The one area the author could have elaborated more on, (at least from my perspective), is the adjustments made within the family when Sarah returns home from the hospital. Her children seem to take all of the changes in their mother’s life in stride, and her husband also seems to always ‘be there’ for her, while dealing with her handicap, a demanding job, a mother-in-law suddenly back in the picture, two school-age children and a toddler. However, Bob’s human vulnerabilities show up in his desire to see his wife experience normality once again, whether it be taking up her skiing or her old job:
“I’m sorry, Sarah. I don’t want to have this conversation. And I don’t want to pressure you. I know you’re still going through a lot, but I don’t think you should pass up this opportunity. If you wait, they’ll have to find someone else, and they might not offer this to you again. This is your way back. We need you to go back to Berkley.”
His last sentence feels more like an order than an appeal. But just like he couldn’t order me back onto skis, he can’t order me back to work. My stubborn independence has always been a brick wall that Bob’s wanted to kick down. All these years later, it amuses me that he still tries.”
Sarah’s mother pretty much ‘checked out’ of Sarah’s life when her brother died, and her father was the primary caregiver. (Could the neglect over the years and lack of attention from her mother resulted in Sarah’s inner drive to succeed? Paradoxically, Sarah seems to make similar choices as she defines a satisfactory neighborhood where there is ‘good day care’ available, and turns over much of the children’s care to a nanny.)
Now after Sarah’s accident, her mother suddenly shows up, ready to take on the role of motherhood once again. Naturally, this brings up a lot of internal adjusting on Sarah’s part:
“Does my mother believe that I’m a good woman? A good mother? Is she proud of me? Does she believe that I’ll fully recover? I wonder.
And the more I learn, the more questions this seems to unearth, especially about the past. Where was this woman during my childhood? Where were my rules and hot meals and ironed clothes? I wonder if she knows how many hours of ‘The Brady Bunch’ I logged, how many bologna and mayonnaise sandwich dinners I ate alone in front of the TV and without saying grace while she stayed sequestered in her bedroom and my father worked the night shift at the station. Why wasn’t I enough for her?”

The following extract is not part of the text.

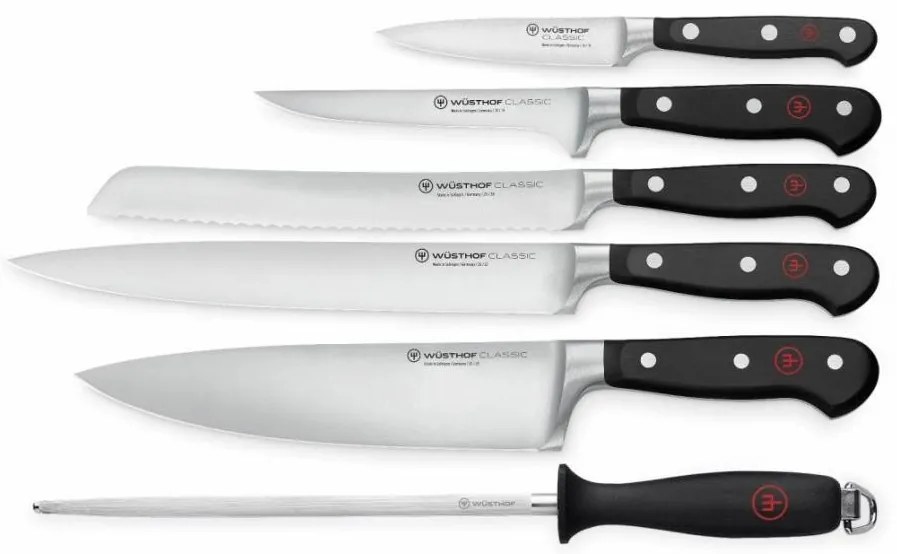 Wüsthof CLASSIC zestaw 6 noży kuchennych czarny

And there are the back-to-work worries in addition.
“I’ve always prided myself in being a perfectionist, for dotting 100 percent of my i’s, for doing it all. But what if less than 100 percent were enough? What if I’m 20 percent recovered, and that’s enough to return to my job? It could be. My work is in human resources, a desk job. It’s not performing surgery (requiring two hands) or the fox-trot (requiring two feet). I can be less than 100 percent better and still be brilliant at my job. Can’t I?”
Lisa Genova has once again crafted a novel that not only educates (I had never heard of “Left Neglect” before), but also brings to life the characters and real struggles and dilemmas in life, family, and work relationships that we all face and have to solve at one time or another. A real page-turner! I enjoyed Genova’s “Still Alice” so much, and now after reading “Left Neglected”, I am ready for more from this author!